Recruter des enseignants tout en supprimant des postes : vers des conditions de travail dégradées

 

Les soutiens du gouvernement actuel, à l’heure du bilan, se plaisent à mettre en avant la création de 60 000 postes au sein de l’Education nationale. Si le chiffre est exact, ces créations de postes se sont révélées nettement insuffisantes, dans la mesure où elles ont à peine permis de limiter les dégâts causés par les suppressions de postes massives effectuées sous Sarkozy. Ces mesures au rabais sont pourtant encore trop ambitieuses pour Macron qui, en homme politique responsable, pense que la France saura se satisfaire de 4 à 5000 nouveaux postes d’enseignants.

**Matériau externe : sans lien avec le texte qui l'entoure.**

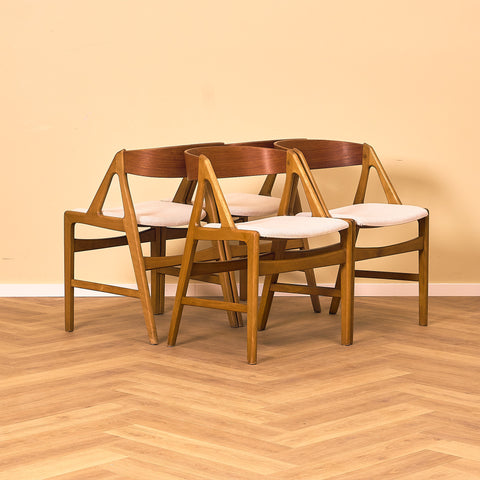 Danish dining chairs in teak and beech by Henning Kjaernulf for Vejle Stole & Møbelfabrik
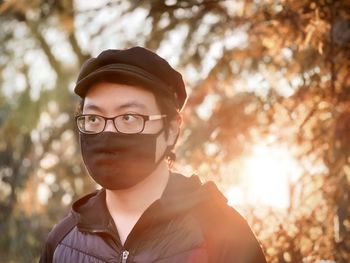 Portrait of young man wearing eyeglasses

Si cette mesure apparaît peu audacieuse et bien en deçà des embauches nécessaires à la revitalisation de l’Education nationale, il faut aussi souligner que les autres propositions de Macron l’annulent. En effet, il prévoit de supprimer 120 000 postes de fonctionnaires : le ministère de l’Education Nationale étant celui qui en emploie le plus, on peut prévoir qu’il y aura des suppressions de postes, notamment au sein du personnel administratif des établissements scolaires. Dès lors, les quelques créations de postes promises se retrouveront annulées par le fait que de nouvelles charges administratives vont devoir être accomplies par les enseignants, au détriment de leur travail devant les élèves. Il s’agit donc, pour Emmanuel Macron, de créer des postes d’enseignants au rabais, qui partageront leur temps de travail entre l’enseignement et des tâches de secrétariat qu’ils seront obligés d’accomplir faute de personnel disponible pour le faire à leur place.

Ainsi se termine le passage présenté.